*** Block opens ***

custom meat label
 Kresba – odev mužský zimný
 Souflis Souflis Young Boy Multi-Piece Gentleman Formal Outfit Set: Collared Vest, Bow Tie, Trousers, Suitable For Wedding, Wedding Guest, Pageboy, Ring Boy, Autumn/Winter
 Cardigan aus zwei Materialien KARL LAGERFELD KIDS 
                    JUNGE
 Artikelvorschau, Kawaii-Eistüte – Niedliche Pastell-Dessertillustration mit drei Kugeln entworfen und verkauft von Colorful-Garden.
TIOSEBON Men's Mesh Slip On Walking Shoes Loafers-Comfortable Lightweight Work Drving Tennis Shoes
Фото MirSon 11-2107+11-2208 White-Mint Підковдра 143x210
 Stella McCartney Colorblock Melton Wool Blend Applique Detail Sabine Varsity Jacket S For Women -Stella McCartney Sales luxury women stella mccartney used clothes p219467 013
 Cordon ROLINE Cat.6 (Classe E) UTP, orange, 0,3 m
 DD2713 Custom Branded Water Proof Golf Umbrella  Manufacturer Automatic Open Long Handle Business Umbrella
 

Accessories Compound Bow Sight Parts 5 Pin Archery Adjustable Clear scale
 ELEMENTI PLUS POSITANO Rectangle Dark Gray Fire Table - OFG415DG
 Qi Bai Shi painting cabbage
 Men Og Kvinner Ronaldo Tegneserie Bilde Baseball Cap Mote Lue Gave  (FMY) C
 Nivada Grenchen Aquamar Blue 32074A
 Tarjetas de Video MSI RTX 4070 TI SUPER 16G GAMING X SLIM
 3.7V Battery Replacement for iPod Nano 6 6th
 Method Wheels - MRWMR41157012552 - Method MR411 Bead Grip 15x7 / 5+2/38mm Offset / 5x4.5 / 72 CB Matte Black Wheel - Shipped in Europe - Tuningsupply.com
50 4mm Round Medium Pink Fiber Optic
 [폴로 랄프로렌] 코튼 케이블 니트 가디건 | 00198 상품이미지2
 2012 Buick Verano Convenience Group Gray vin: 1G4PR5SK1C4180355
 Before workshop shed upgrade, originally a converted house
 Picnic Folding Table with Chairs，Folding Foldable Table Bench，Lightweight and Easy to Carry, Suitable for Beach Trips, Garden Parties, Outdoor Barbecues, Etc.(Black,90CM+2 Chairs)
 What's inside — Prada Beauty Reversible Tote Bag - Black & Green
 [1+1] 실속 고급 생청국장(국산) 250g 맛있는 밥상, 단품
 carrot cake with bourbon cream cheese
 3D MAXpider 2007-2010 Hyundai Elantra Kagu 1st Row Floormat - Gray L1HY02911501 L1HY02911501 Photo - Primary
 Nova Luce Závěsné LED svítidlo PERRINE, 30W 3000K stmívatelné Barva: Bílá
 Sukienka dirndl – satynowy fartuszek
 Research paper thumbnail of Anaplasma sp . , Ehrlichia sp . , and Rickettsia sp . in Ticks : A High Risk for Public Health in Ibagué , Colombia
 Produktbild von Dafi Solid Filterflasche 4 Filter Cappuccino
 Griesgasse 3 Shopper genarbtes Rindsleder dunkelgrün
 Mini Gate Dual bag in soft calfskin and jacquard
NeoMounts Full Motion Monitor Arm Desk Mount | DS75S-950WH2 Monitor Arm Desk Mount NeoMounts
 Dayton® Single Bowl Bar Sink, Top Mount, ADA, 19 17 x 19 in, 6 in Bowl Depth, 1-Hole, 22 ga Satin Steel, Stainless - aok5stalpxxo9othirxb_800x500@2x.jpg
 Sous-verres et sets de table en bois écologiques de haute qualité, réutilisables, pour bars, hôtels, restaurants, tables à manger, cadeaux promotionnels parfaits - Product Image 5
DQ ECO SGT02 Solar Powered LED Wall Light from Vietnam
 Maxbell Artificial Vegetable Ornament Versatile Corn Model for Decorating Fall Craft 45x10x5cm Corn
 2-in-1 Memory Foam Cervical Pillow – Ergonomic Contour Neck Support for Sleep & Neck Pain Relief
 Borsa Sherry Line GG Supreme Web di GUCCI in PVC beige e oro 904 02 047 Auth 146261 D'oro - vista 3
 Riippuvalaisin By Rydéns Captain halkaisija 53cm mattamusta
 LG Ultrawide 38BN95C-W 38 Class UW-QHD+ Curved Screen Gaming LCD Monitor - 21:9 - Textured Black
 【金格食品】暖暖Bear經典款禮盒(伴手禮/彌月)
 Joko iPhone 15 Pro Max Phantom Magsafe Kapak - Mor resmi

*** Block closes ***

Up to and including the line that contains "Фото MirSon 11-2107+11-2208", restate word for word every line of the entries, starting from the first.

◆ **RESULT OF THE EXERCISE**
custom meat label
 Kresba – odev mužský zimný
 Souflis Souflis Young Boy Multi-Piece Gentleman Formal Outfit Set: Collared Vest, Bow Tie, Trousers, Suitable For Wedding, Wedding Guest, Pageboy, Ring Boy, Autumn/Winter
 Cardigan aus zwei Materialien KARL LAGERFELD KIDS 
                    JUNGE
 Artikelvorschau, Kawaii-Eistüte – Niedliche Pastell-Dessertillustration mit drei Kugeln entworfen und verkauft von Colorful-Garden.
TIOSEBON Men's Mesh Slip On Walking Shoes Loafers-Comfortable Lightweight Work Drving Tennis Shoes
Фото MirSon 11-2107+11-2208 White-Mint Підковдра 143x210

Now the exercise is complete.